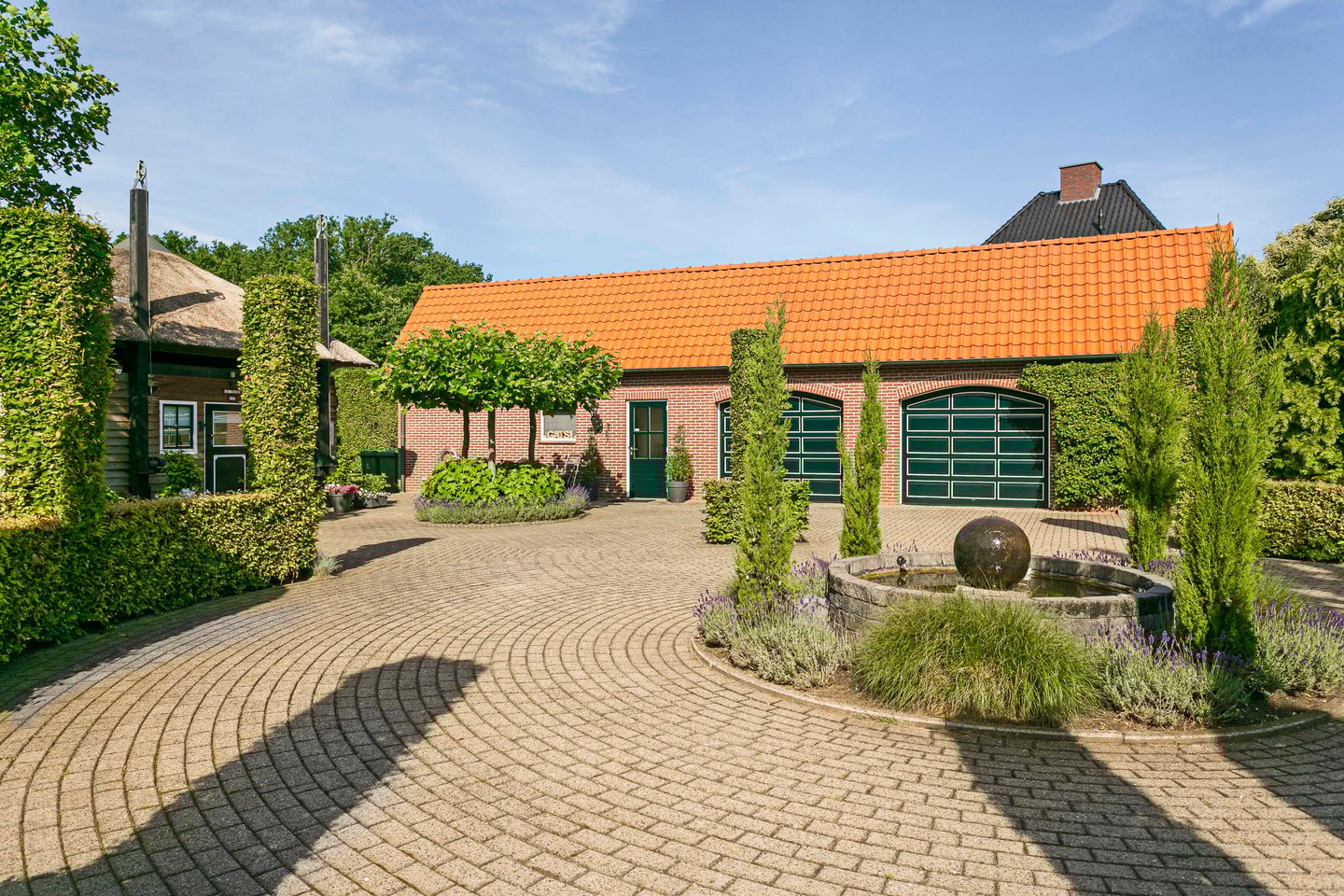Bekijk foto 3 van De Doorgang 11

---

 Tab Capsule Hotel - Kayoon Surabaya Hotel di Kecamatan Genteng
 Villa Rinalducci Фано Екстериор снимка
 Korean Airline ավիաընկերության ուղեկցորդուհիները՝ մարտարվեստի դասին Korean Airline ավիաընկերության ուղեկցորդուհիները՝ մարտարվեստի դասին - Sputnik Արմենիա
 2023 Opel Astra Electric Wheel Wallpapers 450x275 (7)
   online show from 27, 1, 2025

==

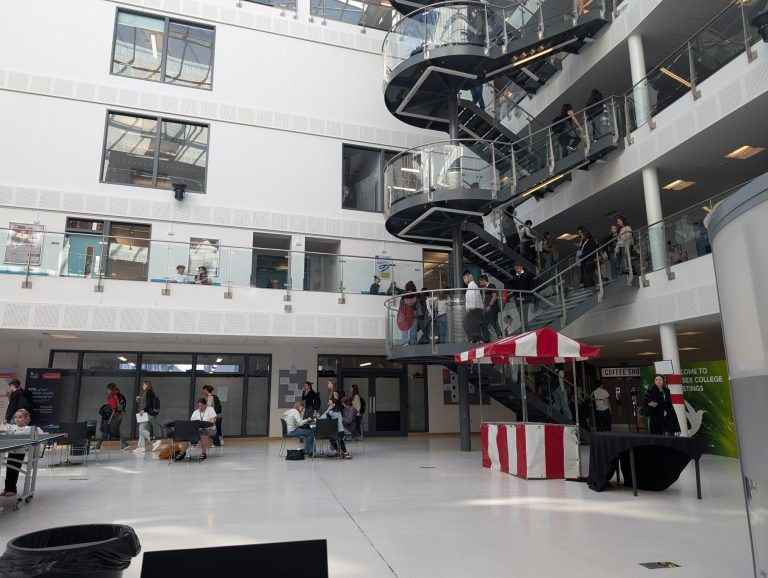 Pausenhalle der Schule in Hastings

EXERCISE DIRECTIONS — Repeat, word for word, the lines above between the line holding "Villa Rinalducci Фано Екстериор снимка" and the line holding "online show from 27, 1, 2025", inclusive; omit everything else.

OUTPUT BELOW —
 Villa Rinalducci Фано Екстериор снимка
 Korean Airline ավիաընկերության ուղեկցորդուհիները՝ մարտարվեստի դասին Korean Airline ավիաընկերության ուղեկցորդուհիները՝ մարտարվեստի դասին - Sputnik Արմենիա
 2023 Opel Astra Electric Wheel Wallpapers 450x275 (7)
   online show from 27, 1, 2025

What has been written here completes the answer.